Tomorrow is the centennial anniversary of the opening ceremony for the massive Los Angeles Aqueduct, which delivered water from the Owens River in eastern California to the Los Angeles region over a 220-plus mile system of finely engineered tunnels, channels, pipes, pumps, reservoirs and other elements in a scheme that was filled with controversy, but was also one of the great engineering marvels of its time.
From the time the source was located in 1904 and the land purchased to the sale of bonds to finance the project to the beginning of construction in 1908 and the five-year work to build the aqueduct with the labor of some 5,000 men to the dedication on 5 November 1913, one of the key players involved was Chief Engineer William Mulholland. At the time of the Aqueduct’s opening, Mulholland was a resident of Boyle Heights, where he lived for about a quarter century. Although much has been written about the man and his work, a little background might be in order.

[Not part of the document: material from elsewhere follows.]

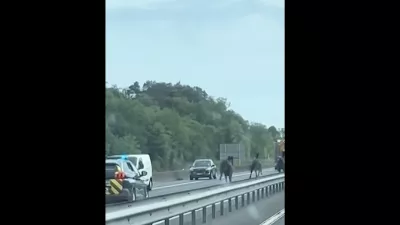 Konji na avtocesti / Foto: Zajem Zaslona/youtube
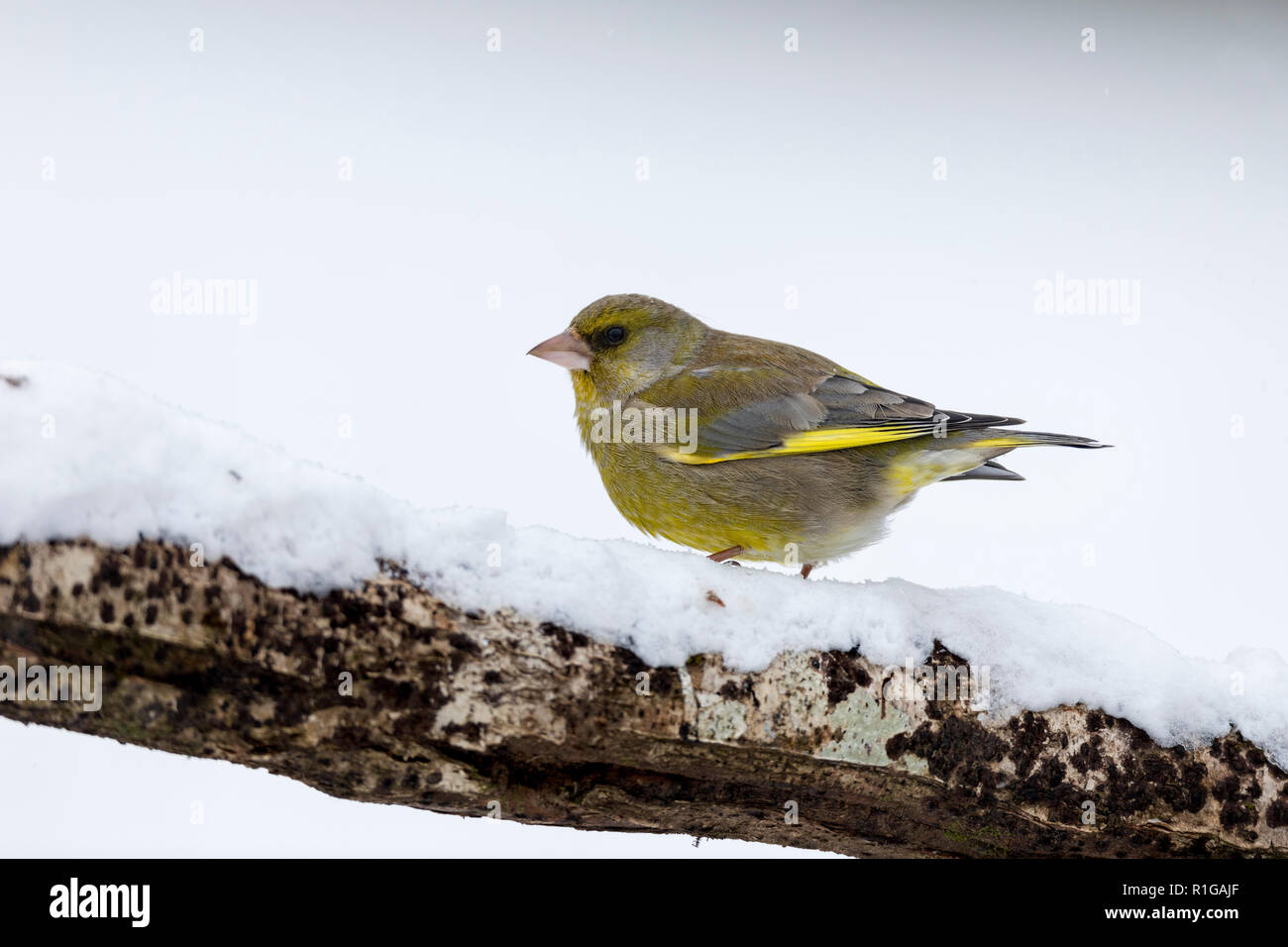 Greenfinch; Chloris chloris Single in Snow Cornwall; UK Stock Photo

William Mulholland was born in Belfast, Ireland in 1855 to royal mail guard Hugh Mulholland and Ellen Deakers, who died when her son was seven years old, not long after the family relocated to Dublin. Ireland had been through decades of famine and political, economic and social unrest and, with little there to provide a basis for his future, William joined the British Merchant Marine while in his mid-teens and served in it for four years.
In June 1874, Mulholland landed in New York and worked on a Great Lakes ship and then a Michigan lumber camp, where he nearly lost a leg after an accident. Migrating to Cincinnati, he took to the road with a mechanic who specialized in sharpening scissors and fixing clocks. Meantime, his younger brother Hugh, who was sent to serve in the British Navy by his father, abandoned his post and somehow located William. In fall 1875, they arrived unannounced at the home of their mother’s brother, a prosperous merchant in Pittsburgh, and they starting working at the business.
A tuberculosis epidemic erupted in the Deakers household, however, and, after some children in the family died, a group decided to leave for California in late 1876, including William and Hugh, who were, apparently, stowaways on the ship leaving New York. At the Isthmus of Panama, though, the two were detected and ejected, forcing them to make the difficult fifty-mile trek across to the Pacific side. From there, they joined a Peruvian vessel to Acapulco and then another ship conveyed them to San Francisco. From there, they rode by horse the long trek to Los Angeles, where, in January 1877, they found the remaining members of the Deakers family, some more having died of typhoid.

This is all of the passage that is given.